Raconteur d’histoires
Troisième choix ? Un buste de Néfertiti. « Avec ma femme, nous voyageons beaucoup. Ce buste, c’est à Berlin que nous l’avons découvert. Personnellement, je suis assez fan d’archéologie et de sculpture. Historiquement, elle est très intéressante puisqu’elle était la femme du premier mec qui a inventé le monothéisme, Aménophis, devenu Akhenaton. Très influente au niveau politique, elle soutenait son mari tout en étant une très belle femme. Elle avait lâché ses espions contre les prêtres de l’ancien régime qui voulaient assassiner le pharaon. Même si les oreilles de Néfertiti sont ratées, il faut reconnaître qu’elle était une femme extraordinaire, l’antithèse de la femme-objet. Un peu comme ma femme qui, plus encore qu’un soutien dans ma carrière, a toujours été ma première lectrice, ma première critique. »
Et le fait d’avoir quitté ses personnages et, pratiquement, la bande dessinée ? « Ça ne me rend ni triste, ni nostalgique. Bien sûr, je « suis » un peu ce qu’ils deviennent sous la plume d’autres scénaristes mais ça ne me fait rien. Je m’en fiche. Mon principal défaut – et ma principale qualité – est que « je m’aime bien », figurez-vous. J’ai donc tendance à me préserver de toute forme de souffrance (dont la nostalgie fait partie) et mon nouveau projet m’accapare tellement. »
Jean Van Hamme se consacre donc aujourd’hui à sa grande passion : le théâtre. Le seul sujet dont il vous parlera avec fougue. « C’est vrai, je ne suis pas un enthousiaste, encore moins un démonstratif. Mes enfants me le reprochent souvent. Par contre, j’ai d’excellentes glandes lacrymales. Au cinéma par exemple, ce ne sont plus les mouchoirs qu’il faut sortir mais les draps de lit. Je suppose que ça compense… »
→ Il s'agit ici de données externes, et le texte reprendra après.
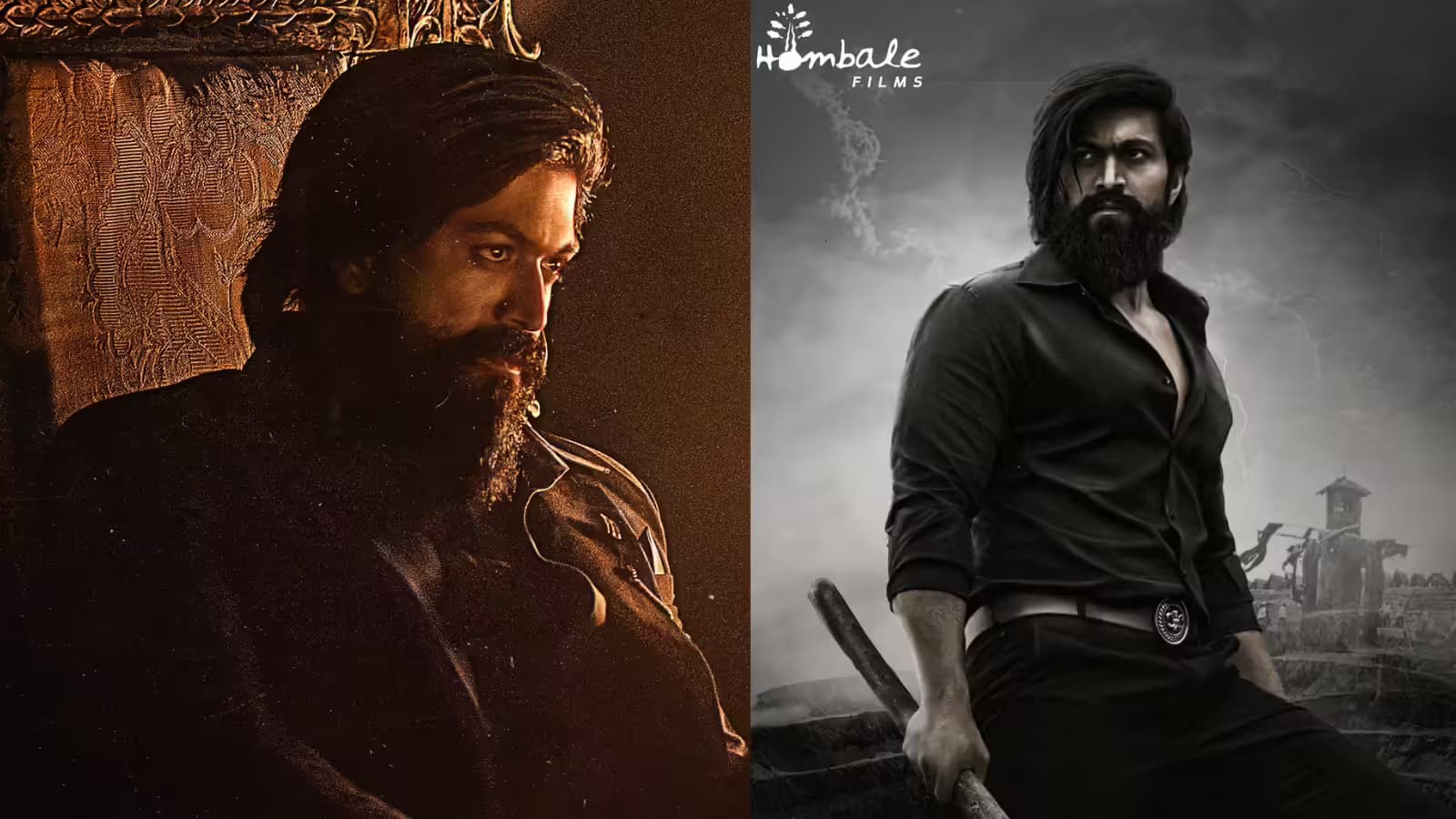 కేజీయఫ్ 3 పై క్రేజీ అప్డేట్?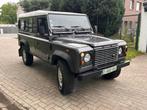 Land rover defender 110se lichtvracht, Auto's, 2500 cc, Defender, Particulier, Te koop
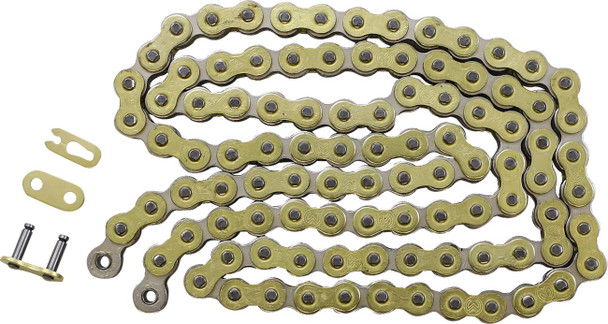 Moose Offroad - M57600100 - 420 RXP Pro-MX Chain - Gold - 100 Links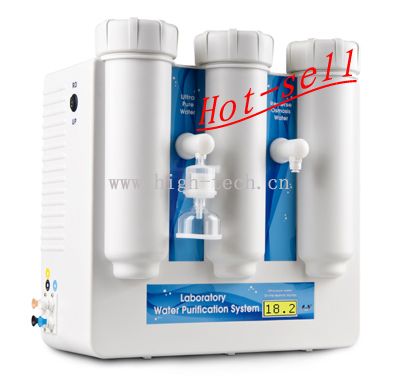 Designed for lab water purification system 150 liter per day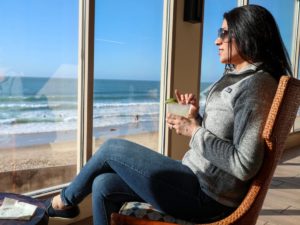 Monterey Tides Hotel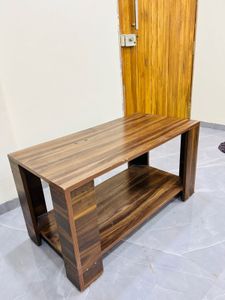 Wooden Coffee Table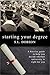Starting Your Degree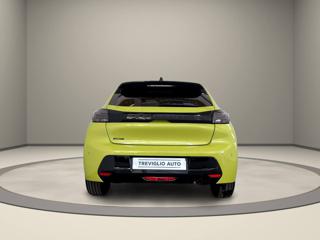 PEUGEOT 208 usata, con Autoradio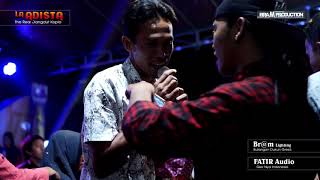 KEHILANGAN ALL ARTIS'LA ADISTA' LIVE KEMBANGBAHU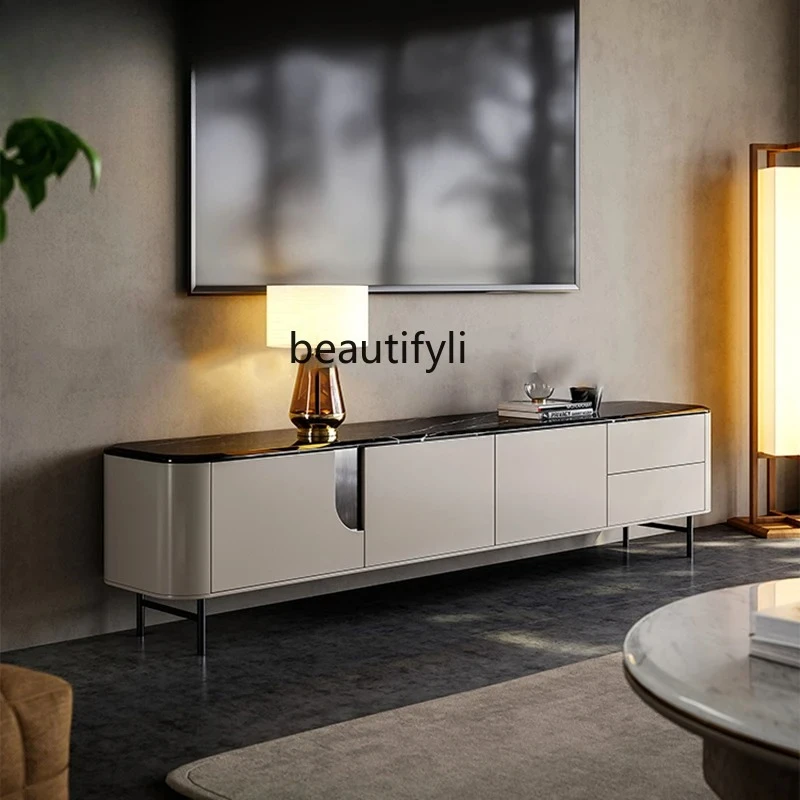 

Nordic Boho Tv Consoles Cabinet Personality Simple Unique Taste Tv Stands Easy Store Fernsehschrank Living Room Furniture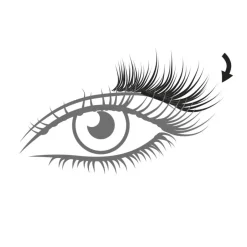 ARTDECO Wimpern·Künstliche Wimpern|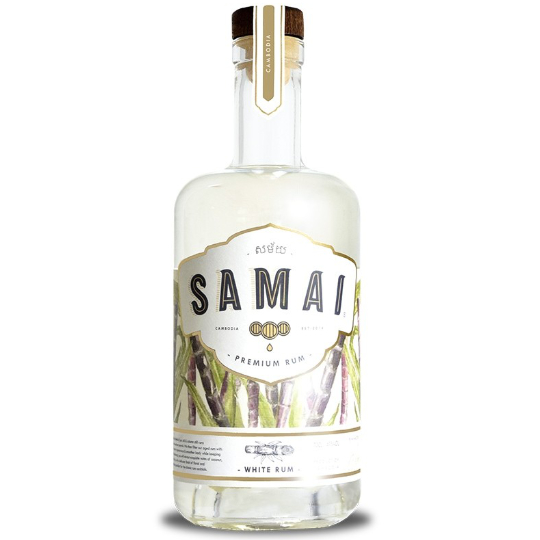 Samai Rum
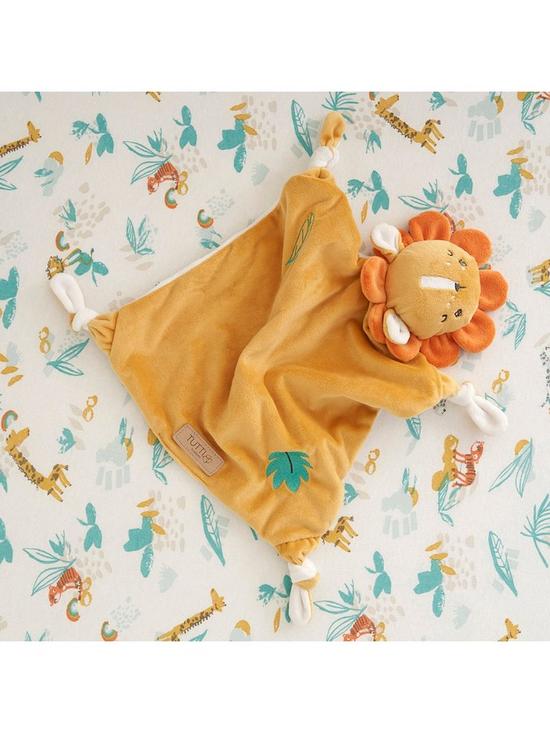 Tutti Bambini Comforter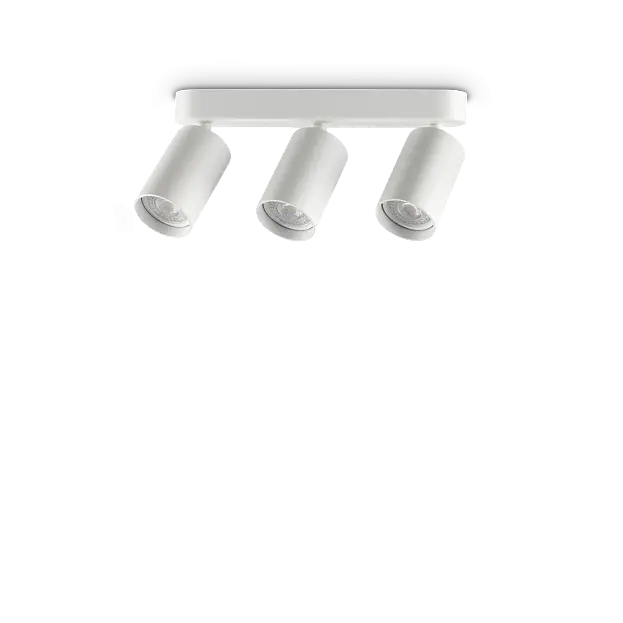 Спот Ideal Lux 367408 Dynamite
Complice, il détaille sa première pièce, Prescription, prévue pour la saison 2017-2018. « C’est l’histoire d’un vieux meurtre non élucidé qui ressurgit trente-quatre ans plus tard à l’occasion d’un huis clos orchestré pour remettre en présence les assassins potentiels. Oui, c’est tout à fait du Agatha Christie ! Je suis un classique, je ne vais pas faire des pièces à tendance philosophico-politique. Je suis un raconteur d’histoires, pas un écrivain ! Même si les dix romans que j’ai écrits n’ont pas été des échecs – j’ai été publié et l’éditeur est rentré dans ses frais – il faut reconnaître que cette expérience n’a pas été une victoire splendide non plus. Tout le monde n’a pas la sotte idée de faire 50 nuances de gris ou de très bons « romans photos ». J’adore le théâtre et je n’attendrai pas que Prescription soit jouée pour me mettre à l’écriture de la pièce suivante. En tout cas, même si je n’en ai pas besoin, j’aimerais beaucoup que ça marche. Aujourd’hui, c’est ma plus grande envie. »
La photographe vient d’arriver. Il est temps de prendre la pose. « Et si on utilisait un parapluie pour rappeler le tableau de Renoir, ce serait amusant non ? », se demande-t-on. Un peu interloqué et légèrement rougissant, Jean Van Hamme se demande à quelle sauce il va être mangé mais c’est l’oeil rieur qu’il file déballer sa collection de parapluies. « Me faire poser chez moi, en parapluie et bermuda, celle-là, on ne me l’avait encore jamais faite ! » Il choisit le parapluie le plus sobre, même s’il aurait préféré prendre son « double-parapluie », qu’il utilise avec son épouse et que, pour l’heure, il ne réussit pas à ouvrir. Clic-Clac, l’oiseau est dans la boîte. Finalement, Jean Van Hamme s’est bien amusé.